The decision points that you need to address with your data management strategy are:
- Consolidate data. A fundamental function provided by data management is to gather data, from various sources in various forms. This data is then turned into potential intelligence (actionable information) to aid in decision making.
- Provide intelligence. Data has no inherent value until it is used by someone, or some software, to make a decision. Data management provides appropriate access to data, and access to tools to manipulate and communicate it, to turn it into intelligence (actionable information).
- Ensure data security. This is a very important aspect of security in general. The fundamental issue is to ensure that people get access to only the information that they should, and that information is not available to people who shouldn’t have it. This is called the principle of “least access.” Data security must be addressed at both the virtual and physical levels.
- Analyze data. Existing data sources, and the data that they contain, must be explored and examined so that the data may be understood and hopefully be turned into intelligence.
- Evolve data assets. There are several categories of data that prove to be true assets over the long term: Test data that is used to support your testing efforts; reference data, also called lookup data, that describes relatively static entities such as states/provinces, product categories, or lines of business; Master data that is critical to your business, such as customer or supplier data; Meta data, which is data about data. Traditional data management tends to be reasonably good at this, although can be heavy handed at times and may not have the configuration management discipline that is common within the agile community.
- Specify data assets. At the enterprise level your models should be high level – lean thinking is that the more complex something is, the less detailed your models should be to describe it. This is why it is better to have a high-level conceptual model than a detailed enterprise data model (EDM) in most cases. Detailed models, such as physical data models (PDMs), are often needed for specific legacy data sources by delivery teams.
- Improve data quality. There is a range of strategies that you can adopt to ensure data quality. The agile community has developed concrete quality techniques – in particular database testing, continuous database integration, and database refactoring – that prove more effective than traditional strategies. Meta data management (MDM) proves to be fragile in practice as the overhead of collecting and maintaining the meta data proves to be far greater than the benefit of doing so. Extract transform and load (ETL) strategies are commonplace for data warehouse (DW) efforts, but they are in effect band-aids that do nothing to fix data quality problems at the source.
- Refactor legacy data sources. Database refactoring is a key technique for safely improving the quality of your production databases. Where delivery teams will perform the short-term work of implementing the refactoring, there is organizational work to be done to communicate the refactoring, monitor usage of deprecated schema, and eventually remove deprecated schema and any scaffolding required to implement the refactoring.
- Govern data. Data, and the activities surrounding it, should be governed within your organization. Data governance is part of your overall governance efforts.

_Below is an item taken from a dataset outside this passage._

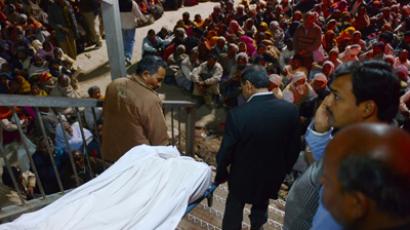 India temple stampede kills 115, injures 100 (GRAPHIC VIDEO)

Looking at the diagram above, traditional data management professionals may believe that some activities are missing. These activities may include:
- Enterprise data architecture. This is addressed by the enterprise architecture process blade. The DA philosophy is to optimize the whole. When data architecture (or security architecture, or network architecture, or…) is split out from EA it often tends to be locally optimized and as a result does not fit well with the rest of the architectural vision.
- Operational database administration. This is addressed by the IT operations process blade, once again to optimize the operational whole over locally optimizing the “data part.”
As you can see, we’re not talking about your grandfather’s approach to data management. As Figure 2 summarizes, organizations are now shifting from the slow and documentation-heavy bureaucratic strategies of traditional Data Management towards the collaborative, streamlined, and quality-driven agile/lean strategies that focus on enabling others rather than controlling them.